The worker was employed by the Engineering Employers Association Group Training Scheme (EEAGTS), now known as the Australian Industry Group Training Scheme, and had been placed at Diemould Tooling Services Pty Ltd for nearly a year when the incident occurred.

Both companies were charged with and pleaded guilty to breaches of the State OHS Act, and in 2006 EEAGTS was fined $60,000.

But Diemould argued that the charges laid against it were duplicitous, and unsuccessfully fought the issue all the way to the High Court. It was eventually fined $72,000 in June 2009.

Machine inexplicably unsafe
The Coroner, who was unable to hold an inquest until the prosecution of Diemould was completed, found that at the time of the incident the horizontal boring machine had been in a "deplorably unsafe" condition for years.

He found the machine - which was manufactured in the USSR in the 1960s and was poorly maintained - had no guarding or other devices to prevent contact with moving parts, and that operators were required to stand within about 30cm of the machine to spray its rotating cutting device with coolant. (Modern borers have an automatic lubrication system.)

The only safety device on the machine was an emergency stop button, but this was inaccessible to anyone caught by the spindle, and there were no emergency brakes, the Coroner found.
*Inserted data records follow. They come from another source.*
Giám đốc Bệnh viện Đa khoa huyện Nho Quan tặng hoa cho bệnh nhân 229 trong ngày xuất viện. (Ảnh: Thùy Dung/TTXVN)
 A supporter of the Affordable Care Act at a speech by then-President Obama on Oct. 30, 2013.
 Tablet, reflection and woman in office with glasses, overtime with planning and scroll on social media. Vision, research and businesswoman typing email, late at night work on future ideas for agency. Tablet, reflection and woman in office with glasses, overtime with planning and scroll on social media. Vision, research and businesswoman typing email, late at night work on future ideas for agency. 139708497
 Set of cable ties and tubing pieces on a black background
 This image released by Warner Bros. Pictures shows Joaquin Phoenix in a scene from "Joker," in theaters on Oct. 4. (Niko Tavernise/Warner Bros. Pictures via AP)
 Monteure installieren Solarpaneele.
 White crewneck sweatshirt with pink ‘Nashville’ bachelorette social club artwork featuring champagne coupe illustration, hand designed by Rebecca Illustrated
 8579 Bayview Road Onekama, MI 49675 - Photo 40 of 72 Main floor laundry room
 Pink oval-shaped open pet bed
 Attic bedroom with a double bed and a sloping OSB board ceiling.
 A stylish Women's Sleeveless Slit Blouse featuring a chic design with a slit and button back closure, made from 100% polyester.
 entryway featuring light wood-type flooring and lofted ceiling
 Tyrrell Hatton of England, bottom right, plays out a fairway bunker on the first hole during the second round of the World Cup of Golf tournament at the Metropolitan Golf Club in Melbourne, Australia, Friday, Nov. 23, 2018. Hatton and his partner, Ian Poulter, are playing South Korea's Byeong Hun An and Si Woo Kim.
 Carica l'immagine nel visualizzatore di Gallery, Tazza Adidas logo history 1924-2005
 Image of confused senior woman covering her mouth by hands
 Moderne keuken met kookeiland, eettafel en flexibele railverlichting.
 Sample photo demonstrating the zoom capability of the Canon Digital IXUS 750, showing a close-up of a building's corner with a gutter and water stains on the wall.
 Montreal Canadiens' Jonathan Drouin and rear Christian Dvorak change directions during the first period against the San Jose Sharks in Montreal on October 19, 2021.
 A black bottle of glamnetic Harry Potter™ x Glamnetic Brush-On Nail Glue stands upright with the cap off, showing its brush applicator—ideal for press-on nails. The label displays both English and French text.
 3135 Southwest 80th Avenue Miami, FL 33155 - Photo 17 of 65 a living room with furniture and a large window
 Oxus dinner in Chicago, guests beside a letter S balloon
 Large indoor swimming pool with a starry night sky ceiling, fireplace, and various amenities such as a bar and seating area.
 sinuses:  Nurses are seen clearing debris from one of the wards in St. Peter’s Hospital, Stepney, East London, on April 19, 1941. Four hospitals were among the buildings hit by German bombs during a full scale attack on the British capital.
"It is inexplicable in an age in which occupational health, welfare and safety is so much a part of the modern workplace, that a workplace could have existed so recently as 2004 with a machine that was so obviously unsafe," he said, adding that the borer could have been fitted with guarding and emergency brakes for about $15,000.
"[The worker's] tragic death was entirely preventable."

Coroner questions penalty regime
The Coroner noted that shortly after the incident Diemould replaced the old borer with a modern machine, equipped with interlock devices, at a cost of $230,000.

This not only provided further evidence that the death was preventable, he said, but raised concerns about the penalty regime.

"I do not suggest that an economic decision was ever made by Diemould that it would be cheaper to pay a fine in a prosecution... than invest in a new horizontal boring machine, the cost of which would be 230 per cent higher than the maximum penalty available," he said.

"However, it might be considered a matter of public concern that in an operation such as Diemould's, the cost of acquiring safe plant and equipment far outweighs the likely penalty in a criminal prosecution."

SafeWork slammed for tardy response
The Coroner was particularly critical of SafeWork SA's response to the incident.

The regulator, he said, did not commence a compliance project to identify the number of horizontal and vertical borers at other South Australian workplaces until May 2010.

"I certainly would have thought that such a 'strategic intervention' would have been taken very soon after [the] death."

The Coroner said that SafeWork had implied in a letter to the inquest that the primary responsibility for ensuring the safety of borers rested with the owners of the machines or the employers that used them, rather than the regulator.

"This may be technically true, but it seems to me that it does not absolve SafeWork SA from an obligation to fully utilise the powers available to it," he said.

"In my opinion, the system of leaving industrial safety compliance to employers and then simply prosecuting them once an employee is fatally injured, is inadequate and insufficient.

"A rigorous system of inspection and a full use of the range of improvement notices and prohibition notices would be a far more effective way of preventing accidents such as [the apprentice's]."

The Coroner noted that within four months of commencing the 2010 compliance project, SafeWork SA had issued three prohibition notices and five improvement notices in seven workplace visits.

"This is an indication that the process of inspection was bearing fruit, and the preventative aspect of SafeWork SA's function was being deployed," he said.